It was a comment that stuck in my head like a song you hear at the grocery store—one you’d never play at home like the theme song for Titanic. Near, far, wherever you are you can’t get it out of your head.
We were eating dinner and one of the boys asked me what I’d done that day. “Clean the house,” I said.
“Nice,” they replied in unison.
It was a rote response. They weren’t saying it looked nice. It was simply an acknowledgment that I’d spoken. Shaking my head I laughed. Before I could tell them what was funny one of them changed the subject.
I let it go. Dinner didn’t need to be ruined by a guilt trip from me. I was frustrated though. How is it that when the soap scum, toothpaste, and fingerprints mysteriously disappear they don’t notice. Or when the wastebasket overflowing with trash is suddenly empty they can’t tell. It’s mind boggling.

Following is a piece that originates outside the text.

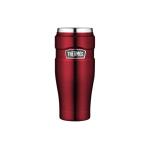 Thermos King isoleerbeker rood - 470 ml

My sweetie would say the house is always so neat and clean they can’t tell the difference. That’s simply not true. It’s not ALWAYS clean. That’s not possible with two teenage boys that leave a bigger carbon footprint than an SUV.
Flash forward a couple weeks and I was back at it—cleaning their bathroom. Feeling uninspired by a task I assumed would go unnoticed again. Granted this is something I should have them do, but I value preserving the finishes in the house more than their labor. There are lots of other things they do that don’t involve cleaning products. Mow, rake, set the table, clear the table, etc.

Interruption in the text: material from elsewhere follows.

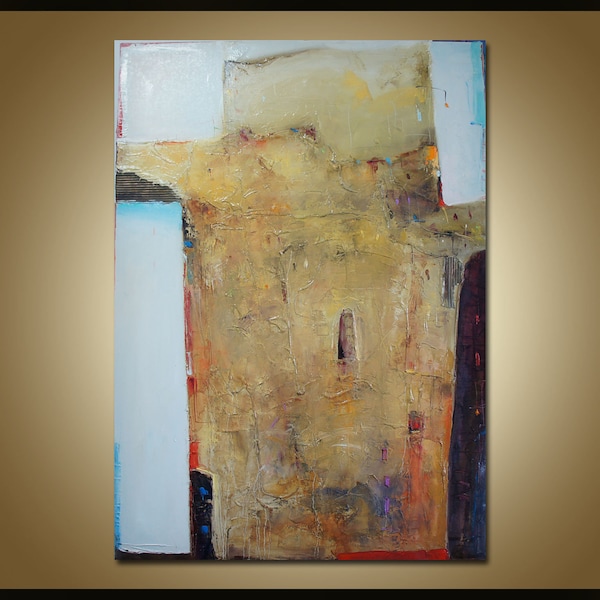 Large Mixed Media Etsy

The more I scrubbed the madder I got. That meant the bathroom was cleaner than ever. I was like a white tornado sweeping through. I had so much momentum going I didn’t even see the penny lying on Luke’s bedroom floor. I had to step on it to find it.

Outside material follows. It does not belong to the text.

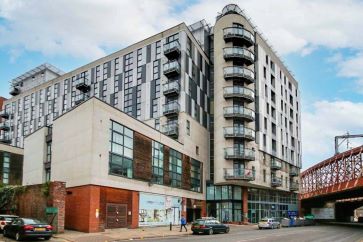 Property for Auction in North West - Parking Spaces Nos 11,12, 21, 22 & 23, Fresh Apartments, 138 Chapel Street, Salford, Greater Manchester M3 6AF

When I crouched down to pick it up I heard the voice in my head, I attribute to the Holy Spirit say, “They aren’t ungrateful they’re just distracted. Stop stewing about it and remind them.”
No, I thought. I prefer being angry about it. “No,” the voice responded. “Remind them.”
Since the voice ceased to be a passing thought, with penny in hand I went to the computer and wrote them a note. I tried not to make it too preachy. That never works.
When Luke came home from tennis he noticed it right away. I was in the kitchen and heard his bag drop, his size 13 feet come flying down the stairs and when I turned around he hugged me and said,
“Thank you very much Mom.”
Chase heard the commotion and came upstairs. “What’s going on,” he asked.
“Go upstairs and read the note,” insisted Luke.
“You’ll see,” Luke said pointing the way.
A minute later Chase was back in the kitchen offering his thanks. They both looked a little sheepish.
“I would just like to be noticed,” I said. “I’d like you to SEE what’s right in front of you.”
Luke the older of the two spoke first on their behalf, “We do Mom. We just forget to tell you.”
Flash forward another two weeks. Luke comes home from working out, goes to his room, notices the sparkling clean mirror in the bathroom reflecting back at him and calls down to me,
“Mom, thanks for cleaning. Everything looks really nice.”
“You’re welcome,” I said. “Thanks for noticing.”
Later I heard him mention it to Chase who then made a point to stop what he was doing and thank me.
Lesson learned it seemed, but what about me?
Every day I wake up to a beautiful sunrise over the Mesa. Light shines through the darkness so that I can see. Water from the mighty Colorado River waters my lawn. Birds feast at my feeder like I do at my table which has somehow never run out of food.
God’s presence and provision are everywhere in my life. But, like my own children I take it for granted. I’m not ungrateful I’m just accustomed to it. So much so, I forget to thank the hands that make it possible.
Thank you Lord.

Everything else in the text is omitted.